Чокан оказался вовлеченным в свару, вспыхнувшую среди султанов, когда стали составлять список депутации от киргиз-кайсаков Средней орды для поездки в Петербург. Подполковник Чингис Валиханов и сотник Муса Чорманов (оба с характеристикой: «Говорит по-русски порядочно») попали в именной список. Приставом при депутации назначили старого друга семьи Валихановых — Дабшинского. Вместе с султанами в Петербург отправился глухонемой братишка Чокана, десятилетний Макажан, которого в доме звали Макы. Чокан уговорил отца поместить Макы в столичное училище для глухонемых.
В Петербурге и Москве султаны потерялись в толпе привезенных отовсюду, наряженных в национальные одежды верноподданных Русской империи. Сибирских киргизов принял Александр II, они выразили ему свою любовь, были милостиво обласканы и могли отправляться восвояси. Макы, плачущий в три ручья, остался в училище для глухонемых на Гороховой улице. И поскольку у него не оказалось в столице ни родственников, ни знакомых, попечение о Макы, принятом на казенный счет, было возложено на управляющего делами Сибирского комитета, «подобно тому, как поручены ему кавказские и закавказские уроженцы, воспитывающиеся в высших и специальных заведениях империи».

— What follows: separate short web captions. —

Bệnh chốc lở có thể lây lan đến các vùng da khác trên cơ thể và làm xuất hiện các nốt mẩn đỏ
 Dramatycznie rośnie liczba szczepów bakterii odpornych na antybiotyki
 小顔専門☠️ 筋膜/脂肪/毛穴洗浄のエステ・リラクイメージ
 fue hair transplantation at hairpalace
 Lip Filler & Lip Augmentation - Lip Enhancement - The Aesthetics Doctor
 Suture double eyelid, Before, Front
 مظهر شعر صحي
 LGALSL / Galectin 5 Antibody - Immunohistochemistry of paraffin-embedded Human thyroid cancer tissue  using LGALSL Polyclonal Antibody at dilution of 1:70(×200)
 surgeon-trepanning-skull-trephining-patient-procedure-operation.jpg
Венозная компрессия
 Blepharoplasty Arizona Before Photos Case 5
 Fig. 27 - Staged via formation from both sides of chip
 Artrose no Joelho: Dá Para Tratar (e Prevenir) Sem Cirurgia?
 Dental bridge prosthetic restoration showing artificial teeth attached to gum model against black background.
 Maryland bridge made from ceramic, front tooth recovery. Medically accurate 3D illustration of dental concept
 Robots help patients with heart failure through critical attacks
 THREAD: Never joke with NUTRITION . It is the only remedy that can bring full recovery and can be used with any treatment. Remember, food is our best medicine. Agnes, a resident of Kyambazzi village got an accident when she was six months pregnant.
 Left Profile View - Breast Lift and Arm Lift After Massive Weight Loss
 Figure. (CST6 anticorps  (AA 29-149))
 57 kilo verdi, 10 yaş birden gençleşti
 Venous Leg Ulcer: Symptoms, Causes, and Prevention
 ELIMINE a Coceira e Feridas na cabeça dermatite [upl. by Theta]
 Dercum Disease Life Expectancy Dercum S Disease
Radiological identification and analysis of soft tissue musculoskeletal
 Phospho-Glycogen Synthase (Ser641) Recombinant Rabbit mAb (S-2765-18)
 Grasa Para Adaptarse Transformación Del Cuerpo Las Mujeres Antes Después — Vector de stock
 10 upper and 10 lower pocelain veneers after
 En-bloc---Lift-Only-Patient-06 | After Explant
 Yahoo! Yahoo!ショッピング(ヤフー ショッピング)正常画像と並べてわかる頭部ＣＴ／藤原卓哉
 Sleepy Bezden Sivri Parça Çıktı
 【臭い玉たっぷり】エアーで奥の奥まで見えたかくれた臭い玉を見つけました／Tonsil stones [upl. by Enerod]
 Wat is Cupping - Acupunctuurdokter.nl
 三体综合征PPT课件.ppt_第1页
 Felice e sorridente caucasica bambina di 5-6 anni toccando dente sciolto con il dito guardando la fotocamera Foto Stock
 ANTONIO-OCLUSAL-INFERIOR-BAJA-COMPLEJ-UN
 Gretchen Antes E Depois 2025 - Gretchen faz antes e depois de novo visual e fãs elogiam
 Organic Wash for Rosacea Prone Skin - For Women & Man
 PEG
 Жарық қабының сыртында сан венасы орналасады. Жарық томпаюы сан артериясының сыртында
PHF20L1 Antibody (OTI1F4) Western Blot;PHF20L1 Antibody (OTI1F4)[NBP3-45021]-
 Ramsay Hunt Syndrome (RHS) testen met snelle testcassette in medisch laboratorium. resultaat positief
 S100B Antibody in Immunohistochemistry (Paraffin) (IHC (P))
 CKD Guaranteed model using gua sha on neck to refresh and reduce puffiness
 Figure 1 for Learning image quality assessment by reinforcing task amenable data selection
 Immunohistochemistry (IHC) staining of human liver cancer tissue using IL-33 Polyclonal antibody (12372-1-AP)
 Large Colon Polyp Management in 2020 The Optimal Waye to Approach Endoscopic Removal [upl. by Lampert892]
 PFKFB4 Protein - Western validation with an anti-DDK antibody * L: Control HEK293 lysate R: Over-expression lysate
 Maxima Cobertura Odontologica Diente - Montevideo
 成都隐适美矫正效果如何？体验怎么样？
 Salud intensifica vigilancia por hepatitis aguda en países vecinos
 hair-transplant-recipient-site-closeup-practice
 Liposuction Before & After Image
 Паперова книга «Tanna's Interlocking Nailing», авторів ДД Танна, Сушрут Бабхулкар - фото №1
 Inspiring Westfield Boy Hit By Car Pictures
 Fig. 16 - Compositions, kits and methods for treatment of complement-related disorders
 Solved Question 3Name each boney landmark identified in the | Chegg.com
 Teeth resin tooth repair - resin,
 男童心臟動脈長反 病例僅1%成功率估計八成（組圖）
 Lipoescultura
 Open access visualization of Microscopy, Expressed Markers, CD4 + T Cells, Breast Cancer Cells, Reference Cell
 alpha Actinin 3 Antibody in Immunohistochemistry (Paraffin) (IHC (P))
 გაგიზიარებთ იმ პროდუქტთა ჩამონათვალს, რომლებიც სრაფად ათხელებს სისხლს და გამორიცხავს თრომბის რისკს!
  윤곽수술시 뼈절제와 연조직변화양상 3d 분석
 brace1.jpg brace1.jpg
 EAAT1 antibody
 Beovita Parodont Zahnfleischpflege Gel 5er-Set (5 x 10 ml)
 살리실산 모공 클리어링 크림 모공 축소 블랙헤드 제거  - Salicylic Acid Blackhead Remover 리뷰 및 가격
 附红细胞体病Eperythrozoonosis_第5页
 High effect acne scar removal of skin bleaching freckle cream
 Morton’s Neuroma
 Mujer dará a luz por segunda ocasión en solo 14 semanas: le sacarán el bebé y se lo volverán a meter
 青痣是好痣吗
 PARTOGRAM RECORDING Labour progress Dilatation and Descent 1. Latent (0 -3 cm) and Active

Еще много лет спустя Чокан будет слышать в аулах красочные подробности поездки казахской депутации к царю. Поэтическое воображение степняков надолго взбудоражили рассказы, что русские ездят — и наших султанов возили! — на огнедышащей лошади, она мчится с ужасающей быстротой и тянет по железной дороге длинную связку тарантасов.
Долго помнился в Степи и внеочередной, крупнейший сбор так называемых добровольных приношений на поездку султанов к русскому царю. Это был такой грабеж, что годы спустя казах, припоминая какое-нибудь событие, говорил для точности времени: «Это произошло до сбора на депутацию» или: «Это произошло после сбора».
Никаких перемен с восшествием на престол уже немолодого Александра II Степь не ощутила, как, впрочем, не ощутил и Петербург. В обществе шли споры, надо ли идти на мир с врагами России или продолжать войну. Первым законодательным актом Александра II стало высочайшее повеление о переменах в военных мундирах. Генералы надели брюки красного цвета, что сделалось событием в Омске, где в то время насчитывалось вместе с Гасфортом четырнадцать генералов. Русский хабар донес из столиц новейший каламбур: «Ожидали законы, а вышли только панталоны!»